Jesmond Dene Painting

Jesmond Dene in Winter

Jesmond Dene in Winter Painting

My 30th Anniversary Christmas Party starts on the weekend of 15th-16th November. It’s one of several events we’re organising over the following year to celebrate my 30 years as a full time artist.

The featured painting on my invitation is Jesmond Dene in Winter. The original watercolour has already been sold, however I’ve decided to publish the painting as a limited edition giclee print with only 30 prints in the edition.

I’ve also reproduced the Jesmond Dene Painting as a Christmas Card which is available online in packs of 5 and at my Studio & Gallery in Ponteland.

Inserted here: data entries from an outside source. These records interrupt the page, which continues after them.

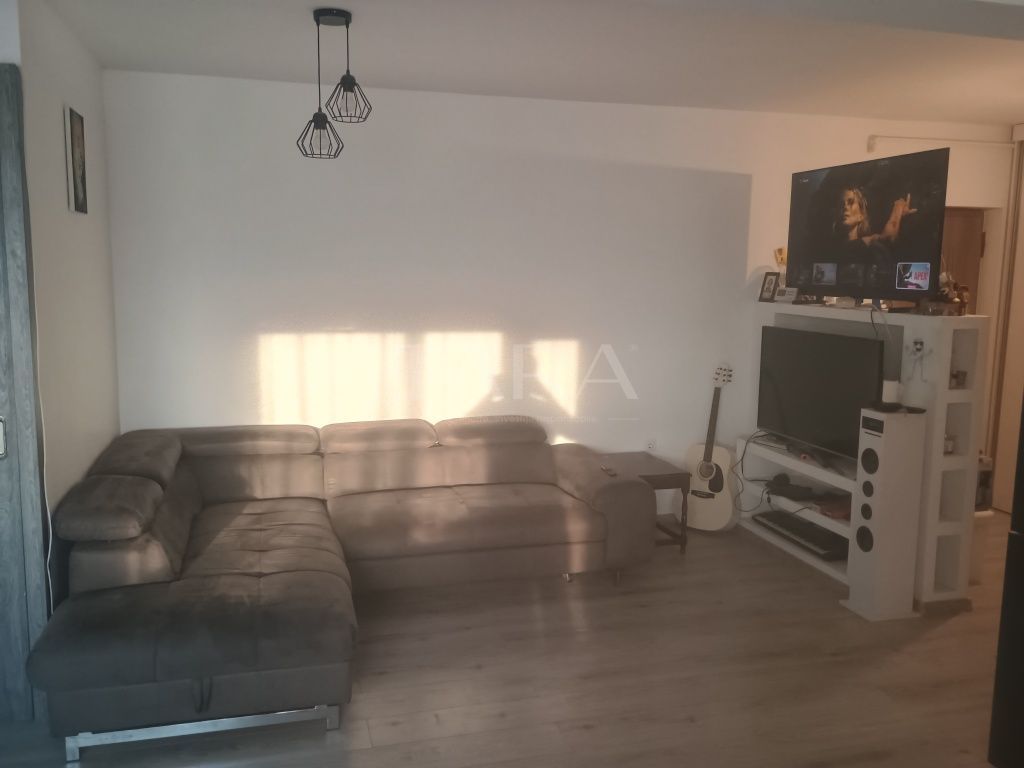 Apartament luminos cu 3 camere – zonă liniștită lângă parc și pădure. - Poză 1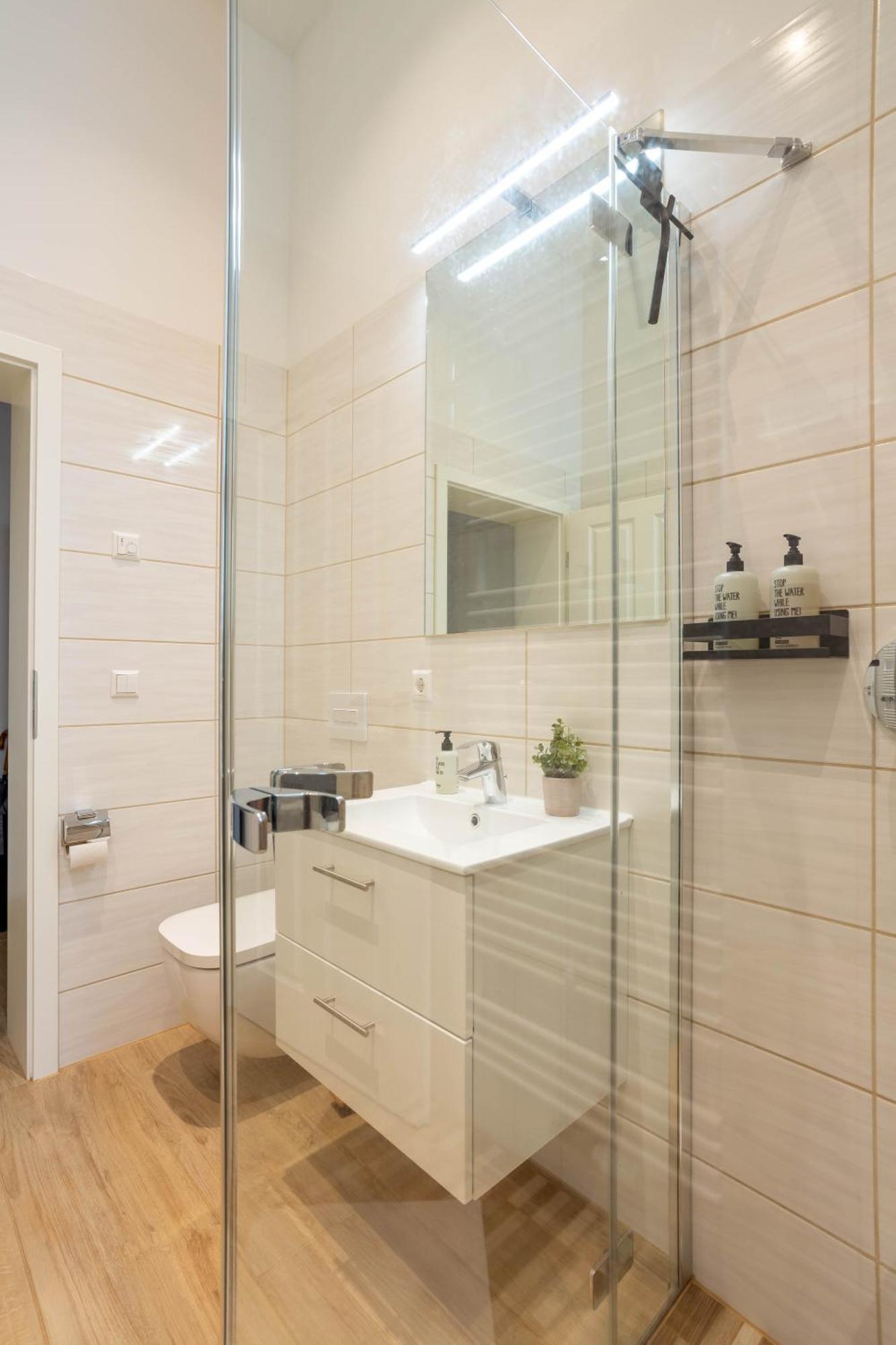 Soulscape Apartments Loft Zwickau Citycenter Mit Tg-Stellplatz, Magenta-Tv Und Klima מראה חיצוני תמונה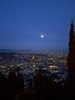[Translate to Englisch:] Aussicht auf Tbilisi bei Nacht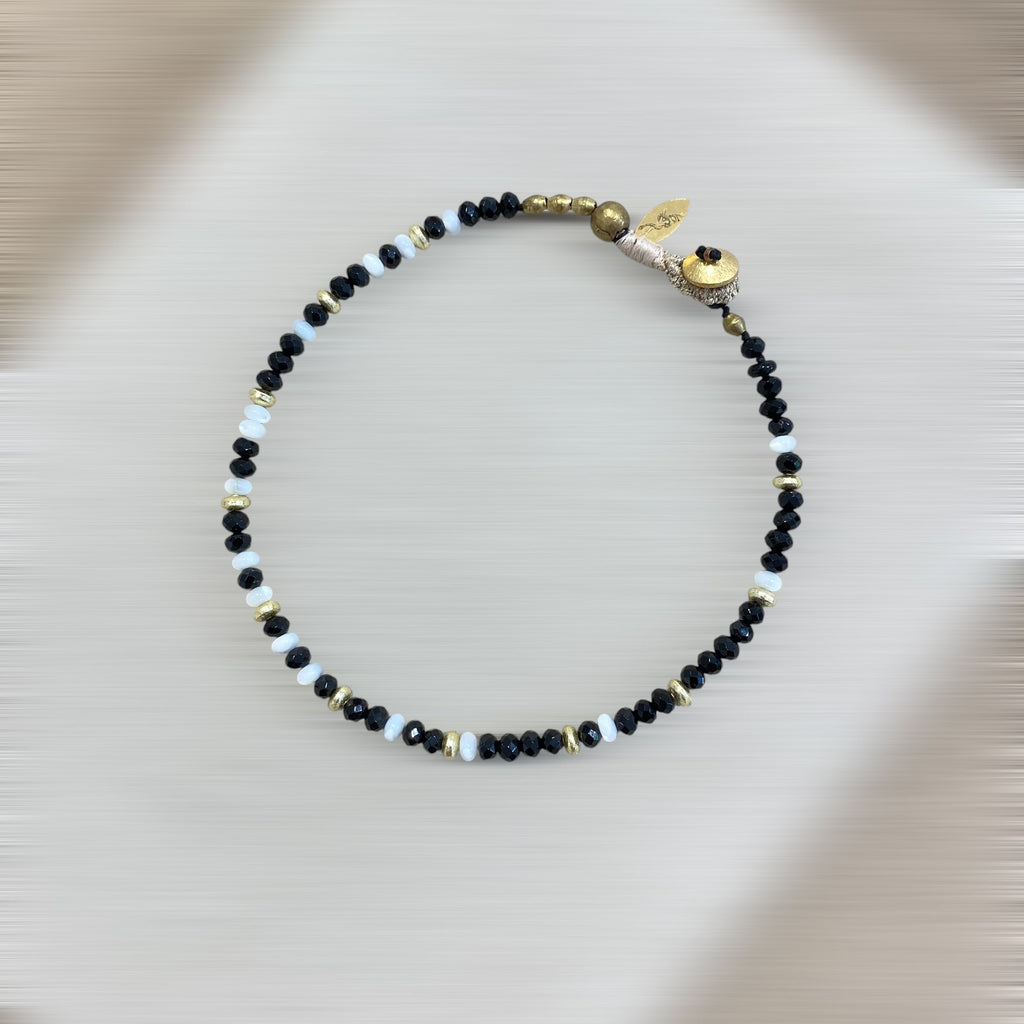 COLLIER ÉLIXIR (Agate & nacre / Noir & Blanc) – 40 CM Lèse-Majesté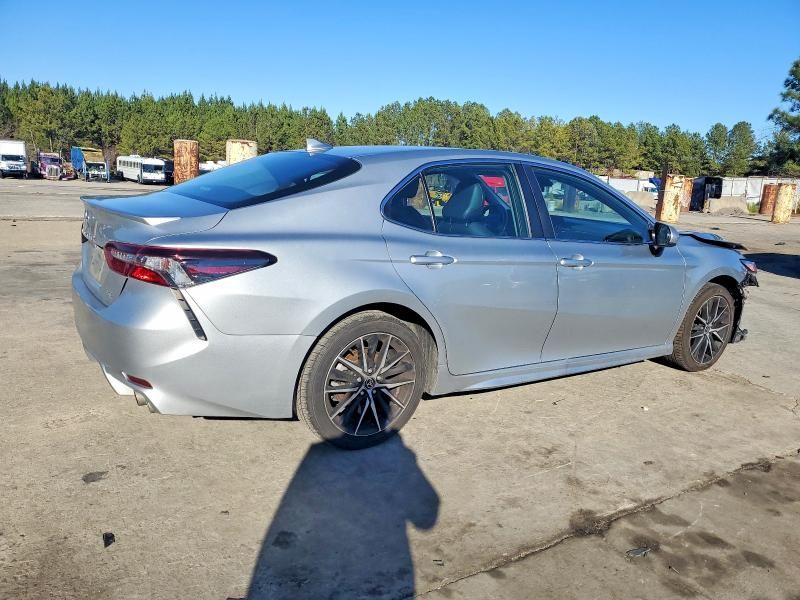 2021 Toyota Camry se
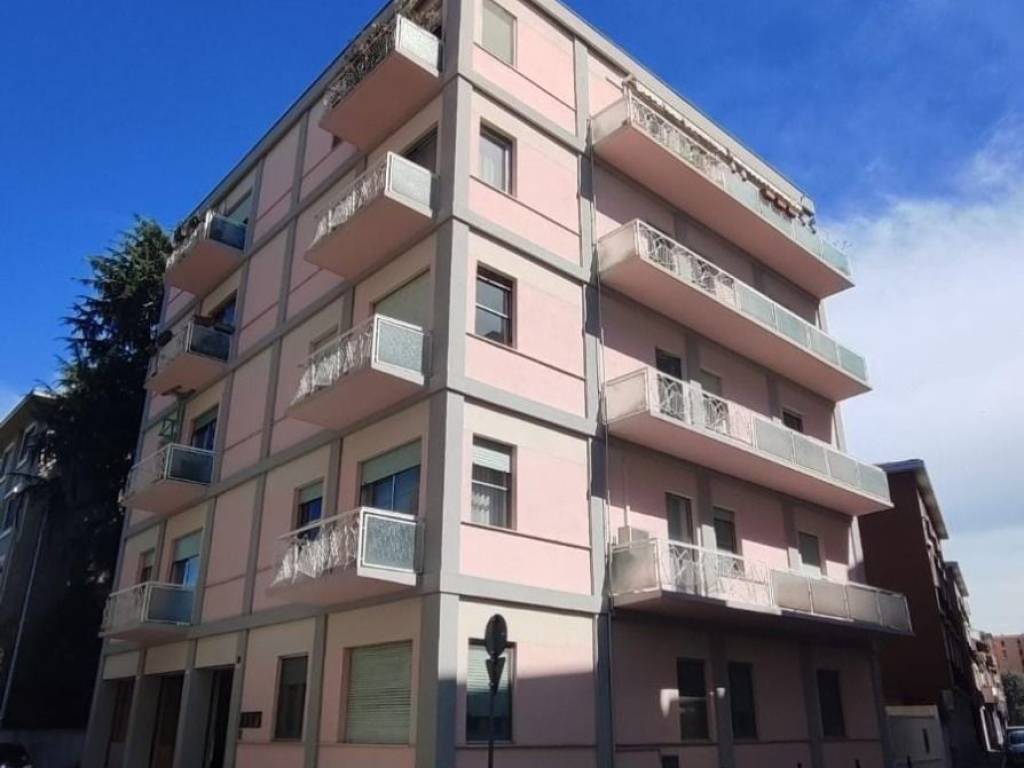 appartamento in vendita a Novara in zona zona Sacro Cuore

The Jesmond Dene Painting was inspired by an afternoons sledging with my grandchildren one winter in Jesmond Dene. I managed a small sketchbook watercolour before the light faded and took a number of photographs which I used to compose the painting. Already, I’ve had a number of customers contacting me saying that the painting reminds them of times they have spent sledging with their own children.

The exhibition which runs until 24th December includes a number of new paintings including scenes of Newcastle, Northumberland, Scotland, Italy and the Middle East.

As a special thank you to the customers who have supported Alan Reed Art over the last 30 years, there will a Christmas present for the party guests attending the weekend preview. There will also be a Christmas Bran Tub along with festive refreshments!

If you are unable to attend the Christmas Exhibition Party but would like to be informed of future events please subscribe to our newsletter which we usually send out once a month.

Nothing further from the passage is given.